R text2vec; rsparse::GloVe$new() GlobalVectors$new() Env Set/Not Set

436 Views Asked by At

Problem: R GloVe environment using library(text2vec). Set environment with code execution of rsparse::GloVe$new(), BUT, not set with code execution of GlobalVectors$new().

Then ran wv_main = glove$fit_transform(tcm...), error:

Error at glove$fit_transform(tcm...) tcm is a valid dgTMaticx, S4 data type, dim of (545 X 545)

wv_main = glove$fit_transform(tcm, n_iter = 10, convergence_tol = 0.01, n_threads = 8)

Error in cpp_glove_create(glove_params) : Not compatible with requested type: [type=S4; target=double].

Seeking help on glove$fit_transform(tcm) for non compatible request type.

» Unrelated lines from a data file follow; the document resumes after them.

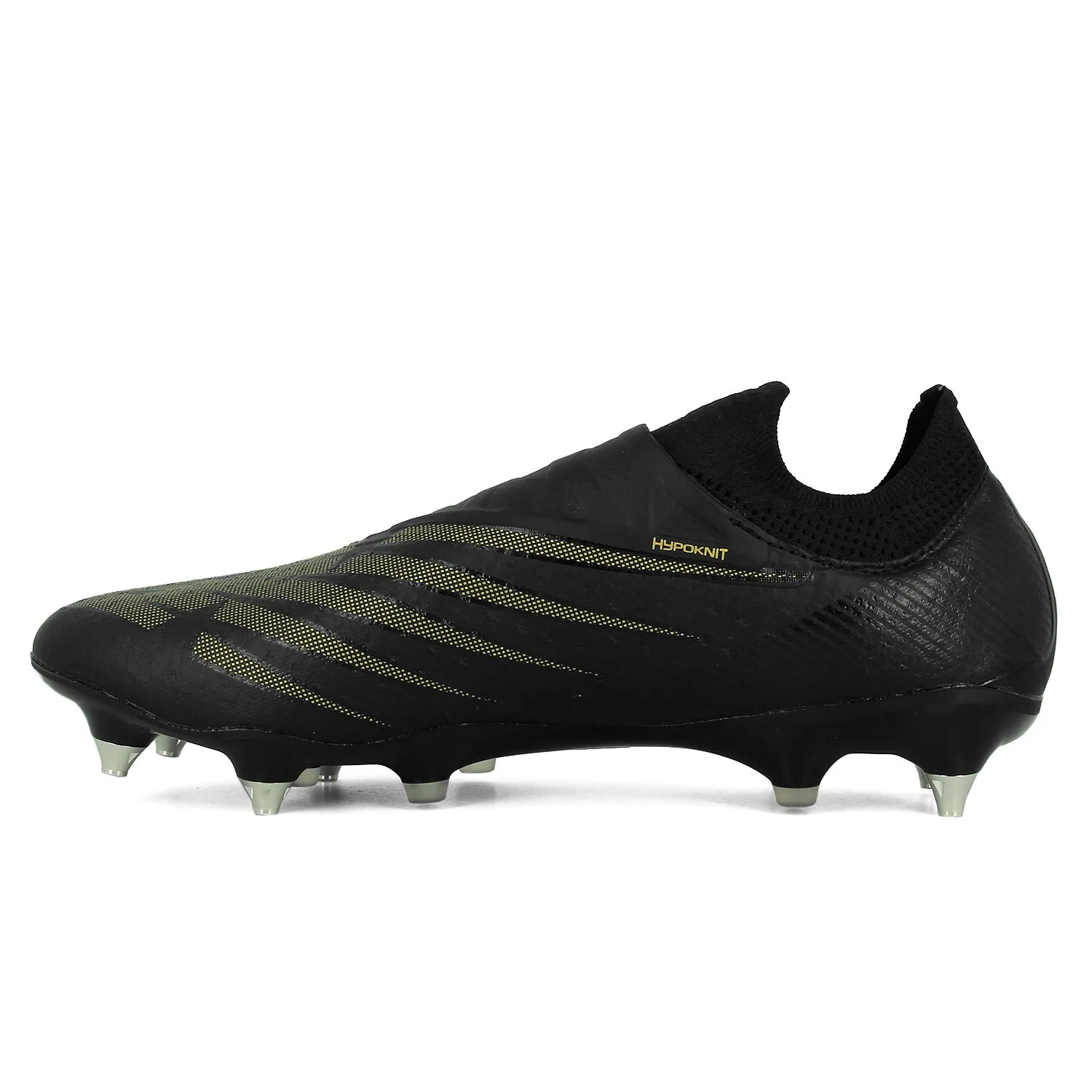 New Balance Furon v7 Pro SG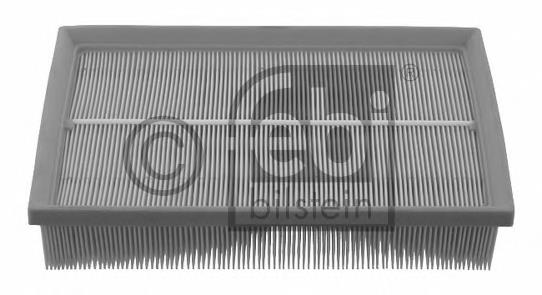 Filtro de ar Febi 32210 preço, a partir de 9,15 USD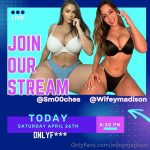 wifeymadison_684de10b2b46d.jpeg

tokens = space_tokenizer(df_sample)
token_iter = itoken(tokens, progressbar = FALSE)
vocab = create_vocabulary(token_iter)
vocab = prune_vocabulary(vocab, term_count_min = 5L)
vectorizer = vocab_vectorizer(vocab)
tcm = create_tcm(token_iter, vectorizer, skip_grams_window = 5L)
glove = GlobalVectors$new(word_vectors_size = 50, x_max = 10)
glove <- rsparse::GloVe$new(tcm, rank = 50, x_max = 10, learning_rate = .25)
wv_main = glove$fit_transform(tcm, n_iter = 10, convergence_tol = 0.01, n_threads = 8)

dput(glove)
<environment>
1

There are 1 best solutions below

0
On

The input term co-occurence dgTMatrix matrix for the fit_transform() is correct. However, the GloVe matrix factorization model GloVe$new() that builds the model only requires parameters for desired dimension, maximum number of co-occurrences, learning rate for SGD, alpha, lambda, and shuffle. Therefor, GloVe$new(rank = 50, x_max = 10), without the dgTMatrix matrix (tcm) properly creates the GloVe model.